Li ontem um artigo em que Maria Rita Kehl articula Adorno, Lacan e Débord em função da análise do sujeito na sociedade do espetáculo — expressão do Débord. O texto é breve, mas instingante. Em linhas gerais, o que ela diz é que o sujeito (que nem se realizou enquanto tal, para Adorno) se reduziu ao papel de receptáculo de uma subjetividade pré-fabricada (subjetividade reificada) e que, na impossibilidade de viver longe dos parâmetros da sociedade que o subjetivou, ele consome alienadamente seus produtos. Esse sujeito não é nada além do que o termo final na cadeia produtiva da indústria da cultura. Abaixo alguns fragmentos do texto em que ela, ora recorta citações, ora as comenta:
“O princípio da individualidade estava cheio de contradições desde o início. Por um lado, a individuação jamais chegou a se realizar de fato. (…) Todo personagem burguês exprimia, apesar de seu desvio e graças justamente a ele, a mesma coisa: a dureza da sociedade competitiva. O indivíduo, sobre o qual a sociedade se apoiava, trazia em si mesmo sua mácula: em sua aparente liberdade, ele era oproduto de sua aparelhagem econômica e social. (…) Ao mesmo tempo, a sociedade burguesa também desenvolveu, em seu processo, o indivíduo. Contra a vontade de seus senhores, a técnica transformou os homens de crianças em pessoas. Mas cada um desses progressos da individuação se fez à custa da individualidade em cujo nome tinha lugar, e deles não sobrou senão a decisão de perseguir apenas os fins privados”. (Adorno, A Indústria Cultural: o esclarecimento como mistificação das massas).
Parece que a crítica, nessa passagem, aponta para a redução do “indivíduo”, que floresceu sob as condições da vida burguesa, a uma somatória de pessoas perseguindo suas finalidades privadas – o que torna todos idênticos, afinal. Esses “desenraizados”, privatizados, isolados, são presas fáceis de propostas de engajamento autoritárias, em função de seu desamparo subjetivo. Aqui podemos situar as “paixões de segurança” mencionadas por Lacan: o “indivíduo”, como ideal que promove identificações, só se sustenta pelo recalque da dívida simbólica, que produz um “a mais” de alienação. Perdido de suas referências simbólicas, desgarrado da comunidade de seus semelhantes – que se reduziu a uma massa indiferenciada de pessoas perseguindo, uma a uma, seus “fins privados”.
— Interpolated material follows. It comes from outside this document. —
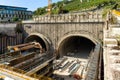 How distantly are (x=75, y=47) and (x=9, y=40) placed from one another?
54.3ft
[…] à formulação de Isleide Fontenelle, para quem a sociedade do espetáculo é um momento da sociedade capitalista em que o princípio de diferenciação se dá pela imagem. Ora, a imagem – lembremos o conceito de estádio do espelho, em Lacan – é a forma mais primitiva de identificação, que nos coloca na dependência absoluta do olhar do Outro. […] Ocorre que a sociedade dos indivíduos “desacostumados à subjetividade” não é a sociedade dos homens capazes de estabelecer entre eles relações “objetivas”, ou seja, livres do excedente de alienação que o capitalismo industrial fabrica diariamente. Ao contrário, o que o espetáculo produz é uma versão hiper-subjetiva da vida social, na qual as relações de poder e dominação são todas atravessadas pelo afeto, pelas identificações, por preferências pessoais e simpatias. E quanto mais o indivíduo, convocado a responder como consumidor e espectador, perde o norte de suas produções subjetivas singulares, mais a indústria lhe devolve uma subjetividade reificada, produzida em série, espetacularizada. Esta subjetividade industrializada ele consome avidamente, de modo a preencher o vazio da vida interior da qual ele abriu mão por força da “paixão de segurança”, que é a paixão de pertencer à massa, identificar-se com ela nos termos propostos pelo espetáculo. Por aí se explica o interesse do público que assiste aos reality shows dos anos 2000 na tentativa de flagrar alguma expressão espontânea da subjetividade alheia sem se dar conta de que os participantes desse tipo de espetáculo estão tão “formatados” pela televisão, tão “desacostumados da subjetividade” quanto o telespectador.